§ **WORK INSTRUCTIONS**: For this exercise, reproduce the entries below exactly, but only from the line containing "Forever 21 Black" through the line containing "8 dyreformede 3D", both included.

BEGIN RECORDS SHOWN

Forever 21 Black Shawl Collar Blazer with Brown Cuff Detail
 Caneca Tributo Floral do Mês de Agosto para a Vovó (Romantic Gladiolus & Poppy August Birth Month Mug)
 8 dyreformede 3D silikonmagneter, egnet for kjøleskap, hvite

END RECORDS SHOWN
BEGIN RECORDS SHOWN

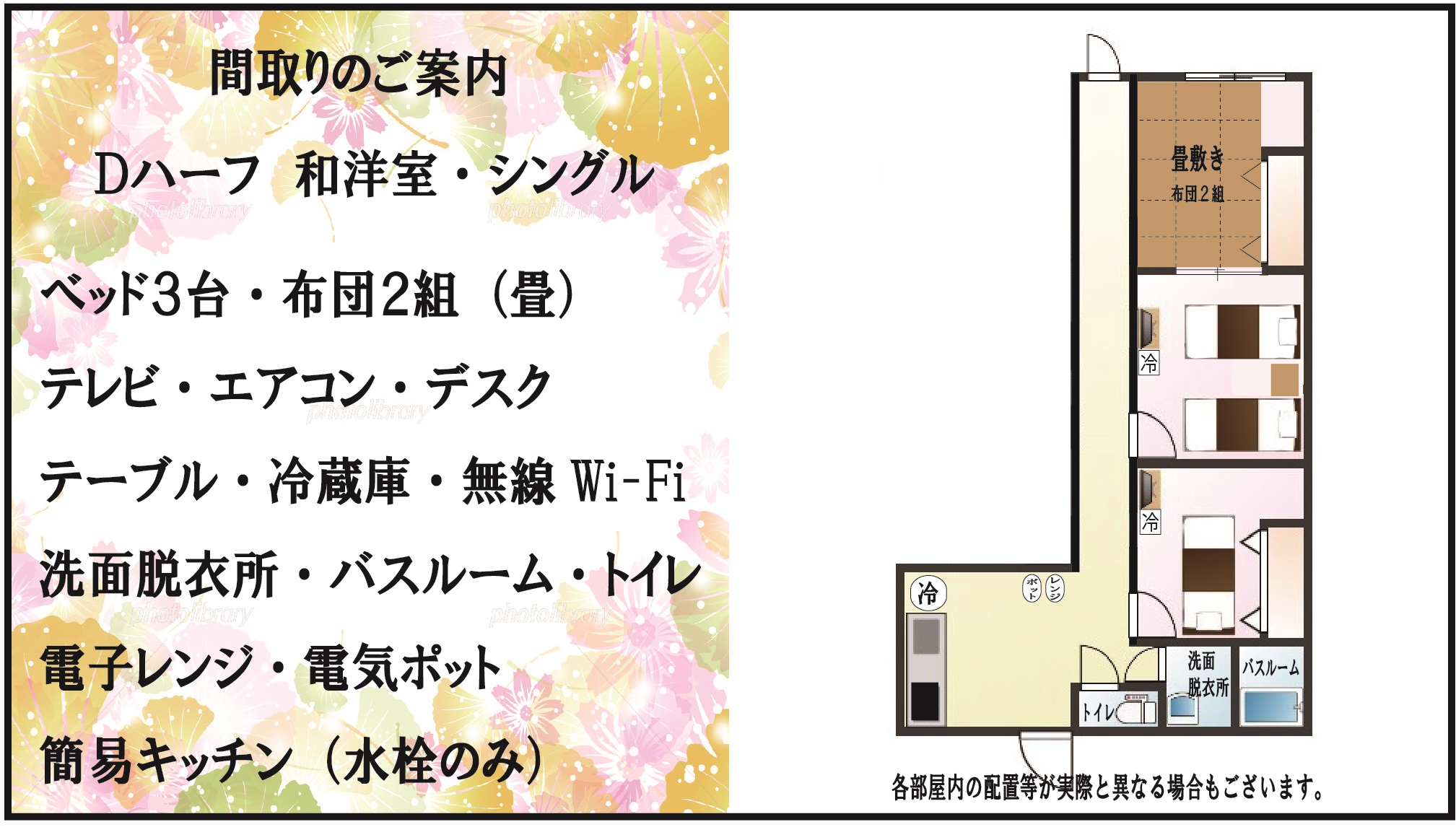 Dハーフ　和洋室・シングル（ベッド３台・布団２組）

END RECORDS SHOWN
BEGIN RECORDS SHOWN

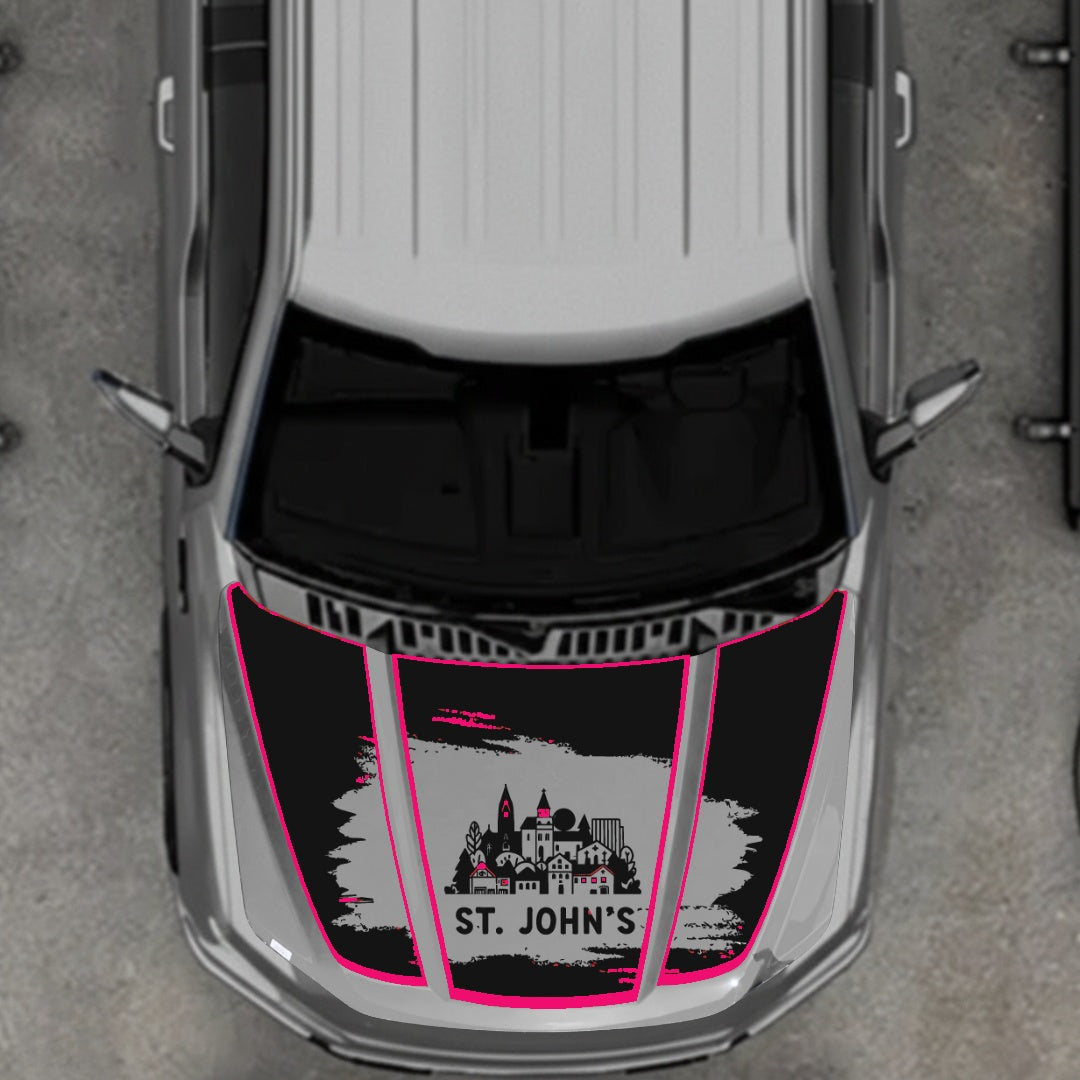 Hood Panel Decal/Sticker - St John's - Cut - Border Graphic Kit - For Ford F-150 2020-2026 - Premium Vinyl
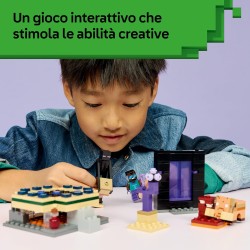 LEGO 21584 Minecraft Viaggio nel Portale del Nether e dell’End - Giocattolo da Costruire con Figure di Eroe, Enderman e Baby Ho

END RECORDS SHOWN

§ **ANSWER**:
Forever 21 Black Shawl Collar Blazer with Brown Cuff Detail
 Caneca Tributo Floral do Mês de Agosto para a Vovó (Romantic Gladiolus & Poppy August Birth Month Mug)
 8 dyreformede 3D silikonmagneter, egnet for kjøleskap, hvite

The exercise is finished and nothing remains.